Je ne vois pas que vous ayez si grand tort. Et moi aussi, j’aime mes souvenirs.

Le marquis.

Est-ce qu’on peut en avoir à votre âge ?

Bettine.

Pourquoi donc pas, monsieur le marquis ? Si vos souvenirs sont les aînés des miens, cela n’empêche pas qu’ils ne se ressemblent.

Le marquis.

Bah ! les vôtres sont nés d’hier ; ce sont des enfants qui grandissent. Vous reviendrez tôt ou tard au théâtre.

Bettine.

Jamais, cher Stéfani, jamais.

Le marquis.

Mais, voyons, dans ce temps-là, n’étiez-vous pas heureuse ?

Bettine.

C’est-à-dire que je ne pensais à rien.

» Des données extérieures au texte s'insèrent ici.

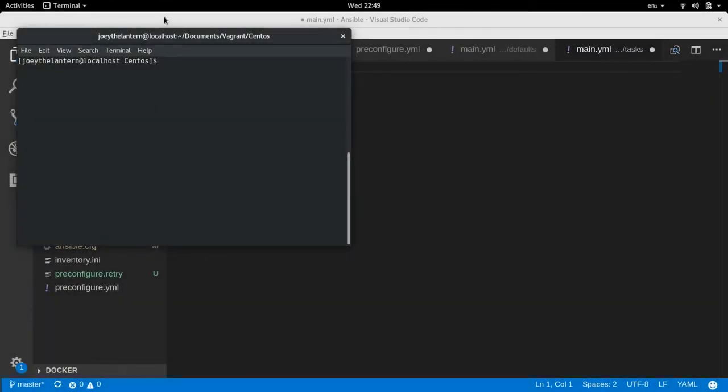What's going on everybody? Thanks for tuning back in. Today I'm going to show you how to do a basic Ansible playbook setup using Vagrant VMs with CentOS boxes. So what I'm going to be doing today is a very basic play where I basically just copy some SSH keys over.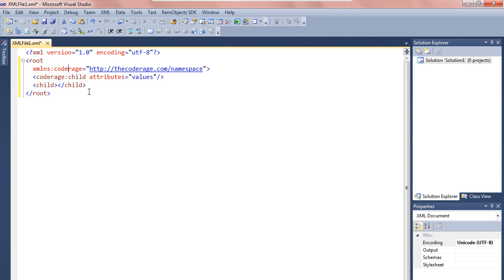You should use a domain name that you own and control — that's a way of creating a unique identifier. If you own that domain name, then no one else is going to create a namespace containing that URL. So I've created a namespace called 'coderage', and that allows me to say a child node is in the coderage namespace — meaning it's a different child node than one without that namespace. That becomes more significant when you get into validation.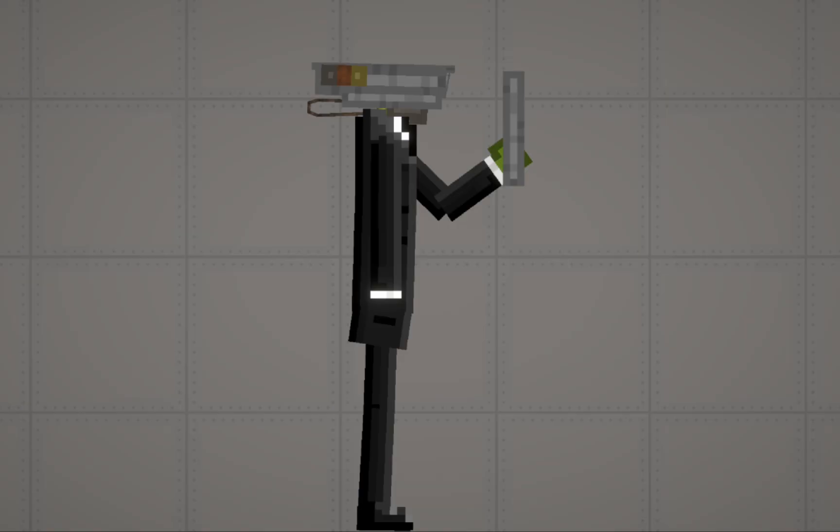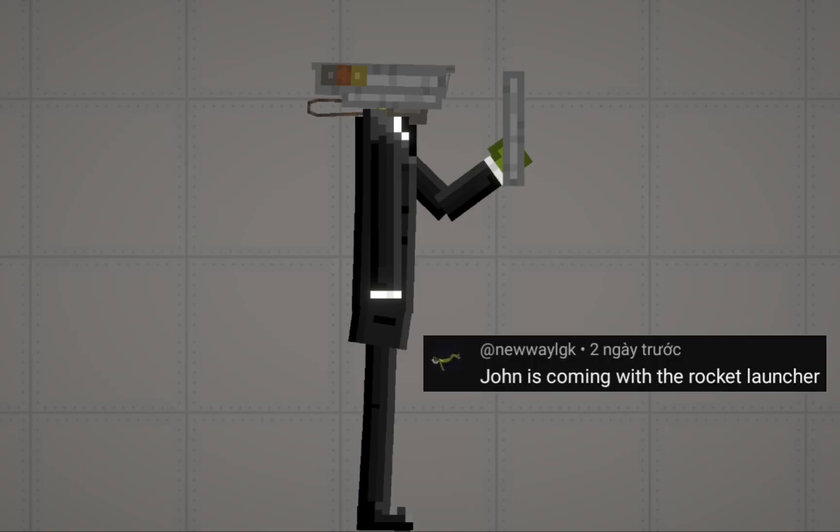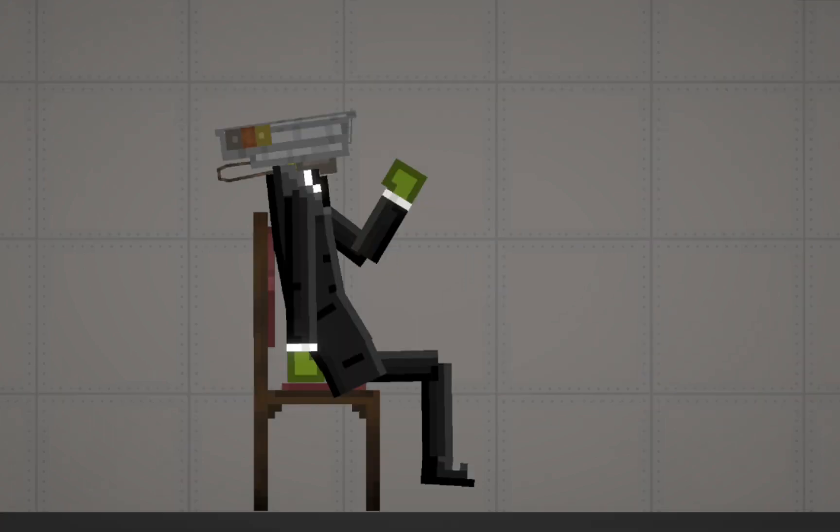Next, New Alek says, John is coming with the rocket launcher. Where did you get that from?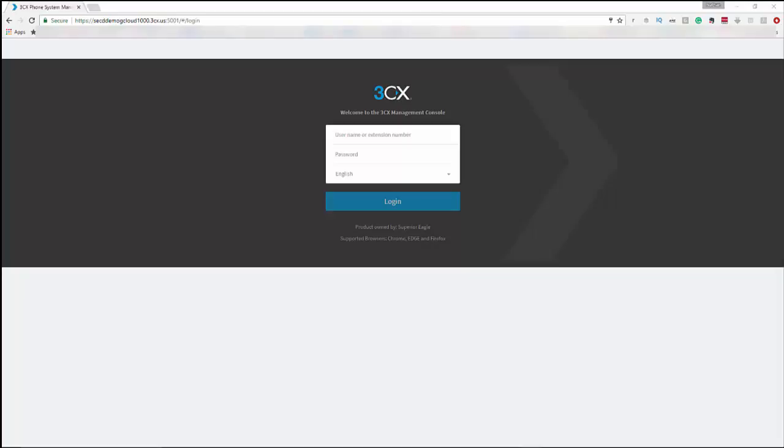Good morning everyone, Nate here with Superior Eagle. I wanted to show you a quick overview of 3CX version 15, also known as PBX in a Flash version 5 powered by 3CX. We're offering a free test drive of the version 15 3CX cloud hosted system.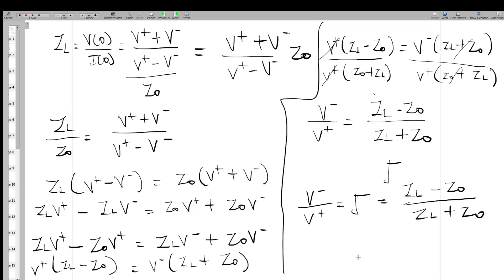The significance of the reflection coefficient is that it shows us how much reflection is going to happen — or rather, depending on the signals fed into the transmission line, the amount of signal that will be reflected back. Thank you for watching.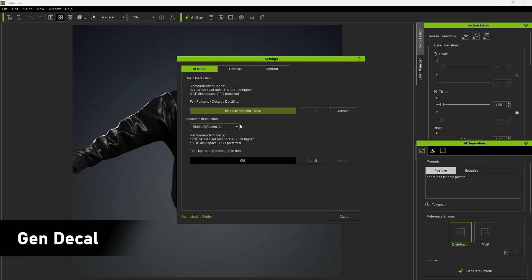For higher image quality, you can choose the Advanced Installation in the Settings menu. Here, you can select Stable Diffusion XL or Quen AI models.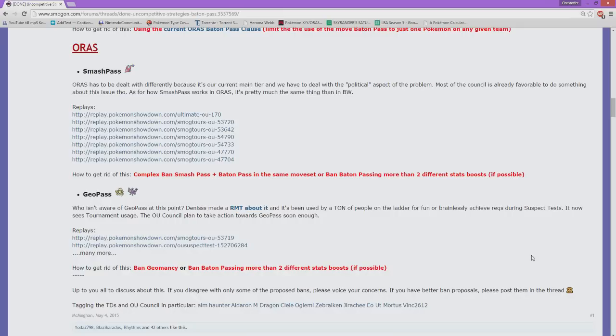Of course it has access to Poison Jab which should be a one-hit KO if it is unaware, and if you have unaware it's still a two-hit KO. It's very easy to predict that coming in, so that was a real big deal because there was the only real way of countering it.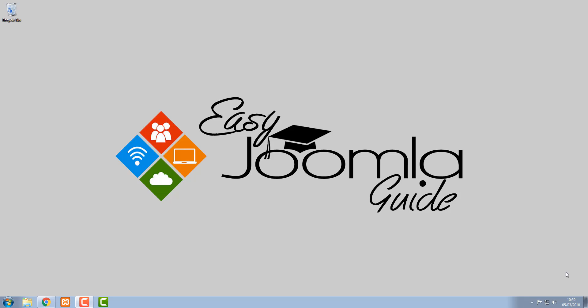Hi and welcome to this Easy Joomla Guide tutorial. In this tutorial I'm going to show you how to navigate to and login to the administration area of your Joomla website.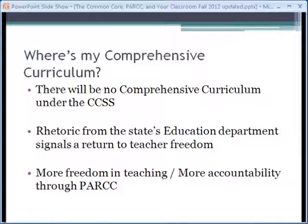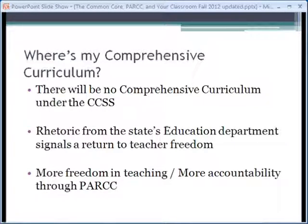Welcome back to our webinar series as we wrap up our dealings with the Common Core State Standards and move on to talking about the PARCC assessments. First, though, is another common question we hear from a lot of teachers: where's my comprehensive curriculum?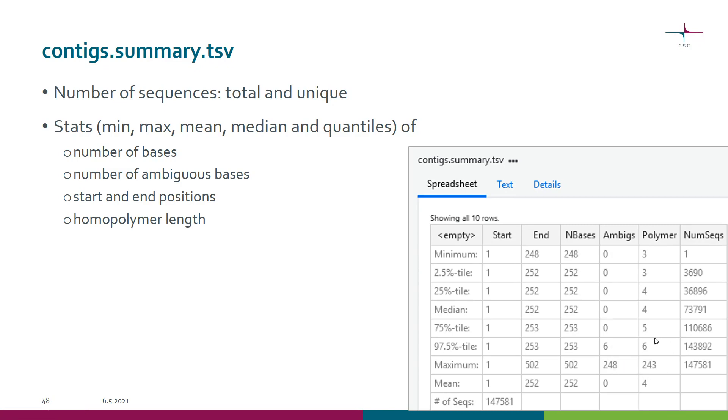There is also the homopolymer length. In this particular set the longest homopolymer is 243 long - again something we probably want to remove.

Ah ! c’est que je n’avais pas aimé.

Le marquis.

Qu’est-ce que vous voulez dire par là ?

Bettine.

Ce que je dis. J’ai été un peu folle, c’est vrai, insouciante, coquette, si vous voulez. Est-ce que ce n’est pas notre droit, par hasard ? Mais je ne suis plus rien de tout cela, depuis que j’ai senti mon cœur.